Gerald and Betty Brown’s family farm predates the Civil War, the horse-drawn plow and even the statehood of Illinois itself.

Today, Gerald uses a tractor and 12-row planter to plant corn on the same land his great-great-grandfather, Abraham Brown, worked by hand and deeded in 1817.

The Brown family has maintained ownership of their Union County farm for more than 200 years through wars, economic hardships and grueling manual labor during a time when horsepower literally came from horses. Today, the fifth generation continues the farm’s lineage of family ownership with a sixth and seventh generation living on the farm as the next to take on the task.

“I think it’s quite an accomplishment that it has remained in the Brown family for that many generations because many times something happens and it’s gone,” says Betty, who serves a supporting role on the farm as bookkeeper. “I feel like that is an accomplishment to be proud of.
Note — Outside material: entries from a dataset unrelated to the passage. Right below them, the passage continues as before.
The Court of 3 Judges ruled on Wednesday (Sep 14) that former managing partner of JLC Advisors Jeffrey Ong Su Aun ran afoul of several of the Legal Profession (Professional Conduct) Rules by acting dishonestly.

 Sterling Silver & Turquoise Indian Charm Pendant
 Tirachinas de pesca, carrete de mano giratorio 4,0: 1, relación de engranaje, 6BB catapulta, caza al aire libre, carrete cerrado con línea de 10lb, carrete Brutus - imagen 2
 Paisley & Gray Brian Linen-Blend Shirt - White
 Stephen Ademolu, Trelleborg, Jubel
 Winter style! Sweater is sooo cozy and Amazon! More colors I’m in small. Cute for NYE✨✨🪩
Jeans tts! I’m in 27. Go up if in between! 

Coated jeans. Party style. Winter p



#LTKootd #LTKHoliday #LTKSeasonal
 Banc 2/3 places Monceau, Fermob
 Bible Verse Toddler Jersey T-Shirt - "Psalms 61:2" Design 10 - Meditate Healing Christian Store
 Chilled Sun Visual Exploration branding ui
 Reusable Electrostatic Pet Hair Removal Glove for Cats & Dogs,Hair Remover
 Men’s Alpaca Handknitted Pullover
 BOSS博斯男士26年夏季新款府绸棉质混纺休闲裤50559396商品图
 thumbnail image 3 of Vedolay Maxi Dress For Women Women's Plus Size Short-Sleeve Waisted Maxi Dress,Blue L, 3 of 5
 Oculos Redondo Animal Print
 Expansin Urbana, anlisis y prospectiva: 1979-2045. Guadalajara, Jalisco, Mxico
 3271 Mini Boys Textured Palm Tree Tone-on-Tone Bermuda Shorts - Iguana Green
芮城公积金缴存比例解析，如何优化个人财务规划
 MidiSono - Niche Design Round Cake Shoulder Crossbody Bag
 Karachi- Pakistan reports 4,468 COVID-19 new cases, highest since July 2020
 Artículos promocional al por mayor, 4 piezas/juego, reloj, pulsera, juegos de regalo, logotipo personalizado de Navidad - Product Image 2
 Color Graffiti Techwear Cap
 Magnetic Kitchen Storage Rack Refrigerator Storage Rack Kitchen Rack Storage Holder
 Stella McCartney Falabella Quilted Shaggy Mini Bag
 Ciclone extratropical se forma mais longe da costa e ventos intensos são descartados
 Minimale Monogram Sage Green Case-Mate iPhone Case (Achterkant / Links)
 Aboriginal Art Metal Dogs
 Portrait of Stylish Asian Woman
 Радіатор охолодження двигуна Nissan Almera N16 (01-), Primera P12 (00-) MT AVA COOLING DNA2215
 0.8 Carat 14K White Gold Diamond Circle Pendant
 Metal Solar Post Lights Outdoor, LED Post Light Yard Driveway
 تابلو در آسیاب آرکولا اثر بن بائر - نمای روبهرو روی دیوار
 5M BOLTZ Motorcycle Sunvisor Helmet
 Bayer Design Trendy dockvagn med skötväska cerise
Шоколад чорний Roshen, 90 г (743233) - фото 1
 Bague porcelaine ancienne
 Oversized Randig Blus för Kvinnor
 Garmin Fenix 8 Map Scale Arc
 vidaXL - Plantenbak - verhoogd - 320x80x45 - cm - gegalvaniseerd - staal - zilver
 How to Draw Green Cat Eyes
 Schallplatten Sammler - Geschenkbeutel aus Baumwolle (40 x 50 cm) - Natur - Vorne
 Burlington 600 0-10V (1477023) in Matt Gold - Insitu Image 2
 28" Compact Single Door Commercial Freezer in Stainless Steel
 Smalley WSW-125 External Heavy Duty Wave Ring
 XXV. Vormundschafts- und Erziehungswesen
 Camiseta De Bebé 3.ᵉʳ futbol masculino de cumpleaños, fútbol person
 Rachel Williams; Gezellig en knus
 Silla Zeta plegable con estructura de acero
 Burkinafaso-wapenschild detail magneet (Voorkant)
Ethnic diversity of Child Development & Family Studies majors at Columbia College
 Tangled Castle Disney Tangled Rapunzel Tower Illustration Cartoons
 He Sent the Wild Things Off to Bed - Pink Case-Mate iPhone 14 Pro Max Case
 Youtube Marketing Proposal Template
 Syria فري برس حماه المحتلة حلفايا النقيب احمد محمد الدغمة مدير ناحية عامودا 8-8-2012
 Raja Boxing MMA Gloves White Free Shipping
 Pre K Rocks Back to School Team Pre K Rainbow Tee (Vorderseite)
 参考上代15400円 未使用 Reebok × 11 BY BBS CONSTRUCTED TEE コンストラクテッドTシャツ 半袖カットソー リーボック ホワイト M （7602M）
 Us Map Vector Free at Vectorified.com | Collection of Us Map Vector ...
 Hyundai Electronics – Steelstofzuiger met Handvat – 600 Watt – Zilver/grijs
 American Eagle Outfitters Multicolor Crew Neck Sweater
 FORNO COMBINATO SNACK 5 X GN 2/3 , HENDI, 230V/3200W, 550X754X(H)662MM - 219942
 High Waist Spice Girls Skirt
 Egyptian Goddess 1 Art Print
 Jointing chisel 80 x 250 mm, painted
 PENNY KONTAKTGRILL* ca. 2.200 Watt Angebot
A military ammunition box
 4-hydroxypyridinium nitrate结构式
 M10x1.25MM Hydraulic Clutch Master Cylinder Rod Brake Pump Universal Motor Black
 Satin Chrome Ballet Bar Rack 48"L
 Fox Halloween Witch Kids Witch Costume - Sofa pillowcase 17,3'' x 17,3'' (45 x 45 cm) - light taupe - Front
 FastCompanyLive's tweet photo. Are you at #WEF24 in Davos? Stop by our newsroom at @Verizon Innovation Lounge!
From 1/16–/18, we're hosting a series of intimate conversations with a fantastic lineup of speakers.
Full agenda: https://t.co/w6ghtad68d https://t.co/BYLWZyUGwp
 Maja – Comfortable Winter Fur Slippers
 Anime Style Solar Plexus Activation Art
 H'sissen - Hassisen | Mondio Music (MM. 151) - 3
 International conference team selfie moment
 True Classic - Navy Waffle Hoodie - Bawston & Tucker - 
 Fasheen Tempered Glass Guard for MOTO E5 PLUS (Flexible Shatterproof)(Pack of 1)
I know Gerald’s dad was very proud of his heritage on the farm, and not more than a few days was he ever away from this farm.”

bicentennial farm
Gerald and Betty Brown’s Union County farm dates back to 1817; Photo by Michael D. Tedesco

A Field of Honor

The Brown farm represents one of only five family farms certified as bicentennial farms by the Illinois Department of Agriculture. Meanwhile, more than 1,000 Illinois farms have earned sesquicentennial status, and the department has certified more than 10,000 with centennial designations, recognizing years of consecutive family ownership of a working farm.

“This Centennial Farm Program was established to recognize the importance of agriculture to the economy of Illinois and, more importantly, the pride and determination of the generations who have labored to maintain the family farm and are continuing to build our futures,” says Erin Cleary, who oversees the recognition program at the Illinois Department of Agriculture. “As one can imagine, the hardship of farming 200 years ago without modern machinery or equipment was brutal.”

She notes the significance of farming for two centuries and calls it an amazing amount of time.

“We are so proud of our bicentennial farm families. They are our future. They are dedicated. It’s kind of like the American dream,” Cleary says. “When we look back at our farmers, they are the ones who built our future and they have been doing it for so many years.”

See more: Visit an 1840s Farmstead at Garfield Farm and Inn Museum (VIDEO)

Abraham, the farm’s founding father, traveled from North Carolina to the rolling land of Union County, situated between the Ohio and Mississippi rivers. Gerald can only assume the amount of hard labor to clear trees and brush and remove stumps with horses and hands after a several-month journey in the early 1800s.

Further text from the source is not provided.